In April 1911, the Commonwealth of Australia launched an international competition for the design of its federal capital, later named Canberra. Near the year’s end, in the depths of a frozen Chicago winter, Walter Burley Griffin and his new wife and professional partner, Marion Mahony Griffin, put their heads together and poured their creative energies into recording their shared vision for Australia’s capital.

The outcome was an ensemble of 14 exquisite renderings, each, as London’s Building News and Engineering Journal reported, measuring “five feet by two feet six inches” and “delineated to a very small scale—400 ft to the inch—on account of the gigantic character of the scheme.” Like the design they represented, the renderings also were a collaborative product; the presentation’s scale, scope and production complexities mandated assistance.

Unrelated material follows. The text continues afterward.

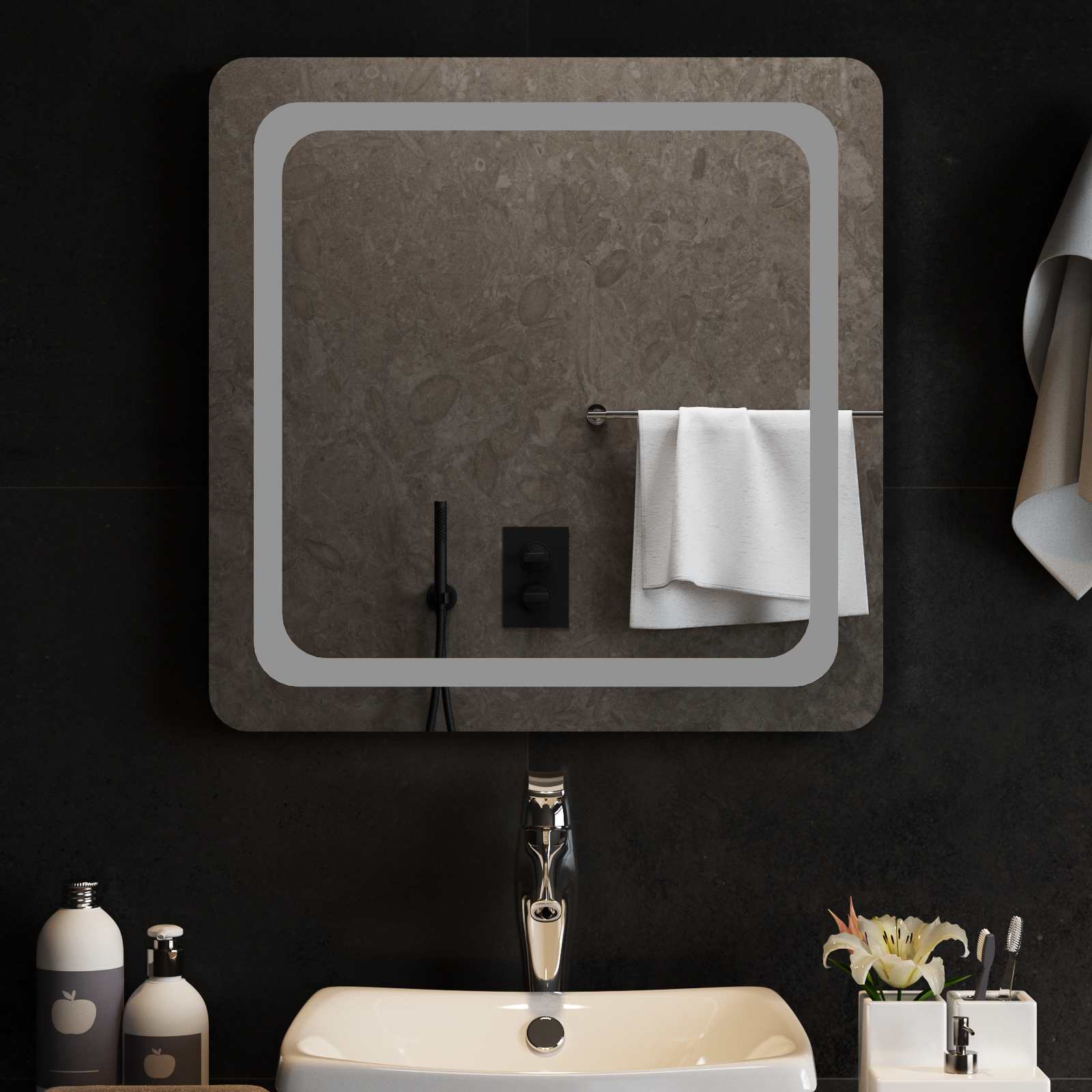 42045828_1.jpg vidaXL Zrkadlo do kúpeľne s LED Priehľadná 60 x 60 cm tvrdené sklo – Obrázok 1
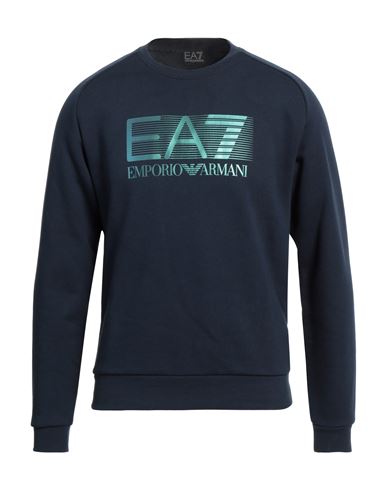 Ea7 Man Sweatshirt Navy Size XS Cotton, Polyester, Elastane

To produce these exceptional drawings, the Griffins co-opted office worker Roy Lippincott—soon to be Walter’s brother-inlaw—and Walter’s sister Gertrude for the job. Along with this pair, Marion recorded in her memoirs that George Elgh, another employee, “helped us out with the competition drawings in Chicago.” Graphic artist Miles Sater, later Gertrude’s husband, was another likely contributor.

In this lecture, Christopher Vernon will survey the evolution of Marion’s graphic technique and cast new light on the talented assistants who helped produce the iconic renderings of Australia’s national capital.


Riga's Capital Modernism

Lecture by Professor Steven Mansbach
February 11

For the Baltic republics that emerged in the wake of World War I—as for other newly-established nations in Central Europe—modern art, design, and architecture served as effective means to assert a national identity. But the innovative forms and progressive styles that were so important to the nations’ self-understanding shifted in character over the course of time. This is especially true for Latvia’s architecture, where changes in local political, ethnic, and cultural circumstances constantly inflected the visual character and meanings of modernism. Riga’s own twentieth-century architectural history, beginning with a singularly rich and inventive Jugendstil and culminating in an indigenous authoritarian functionalism articulated in the 1930s, reveals how modernism could depart from a unitary stylistic imperative in order to serve the needs of divergent social, ideological, and economic interests. In fact, the Baltic metropolis’s inventive adaptations of competing expectations and shifting needs enable us to recognize in Riga the creation of a capital modernism that can serve as an interpretative paradigm through which to map cultural narratives materialized throughout the region.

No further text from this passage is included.